**What you will do:** Looking at the listing below, retype exactly the lines starting at the one containing "Gray upholstered fabric" and ending at the one containing "300ML Decantador Whisky", both included, and nothing else.

-- Data follows --

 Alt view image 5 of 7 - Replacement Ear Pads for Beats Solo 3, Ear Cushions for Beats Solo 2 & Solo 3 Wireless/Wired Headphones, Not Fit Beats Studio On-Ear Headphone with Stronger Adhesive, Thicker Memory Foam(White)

-- Data concluded --
-- Data follows --

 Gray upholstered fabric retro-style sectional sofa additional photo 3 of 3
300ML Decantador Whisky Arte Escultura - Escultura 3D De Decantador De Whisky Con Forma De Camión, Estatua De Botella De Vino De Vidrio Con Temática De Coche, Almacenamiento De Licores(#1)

-- Data concluded --

**Your solution:**
 Gray upholstered fabric retro-style sectional sofa additional photo 3 of 3
300ML Decantador Whisky Arte Escultura - Escultura 3D De Decantador De Whisky Con Forma De Camión, Estatua De Botella De Vino De Vidrio Con Temática De Coche, Almacenamiento De Licores(#1)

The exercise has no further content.